Task prompt:
Without the images, repeat every line of the listing exactly.

Data extract:

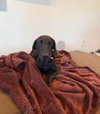 Binx - Photo 1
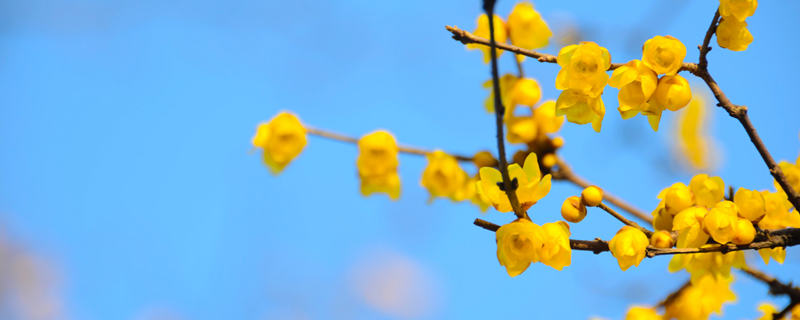 腊梅花语（腊梅花语唯美句子）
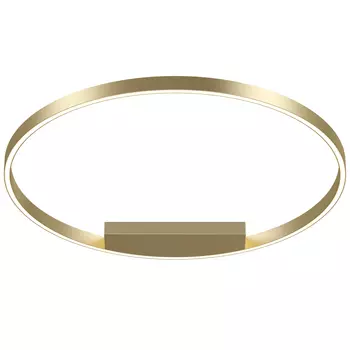 Светильник потолочный Maytoni Rim MOD058CL-L50BSK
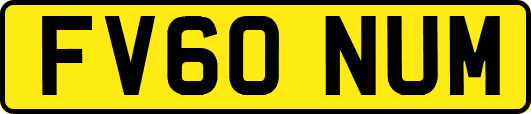 FV60NUM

Finished task:
 Binx - Photo 1
 腊梅花语（腊梅花语唯美句子）
 Светильник потолочный Maytoni Rim MOD058CL-L50BSK
 FV60NUM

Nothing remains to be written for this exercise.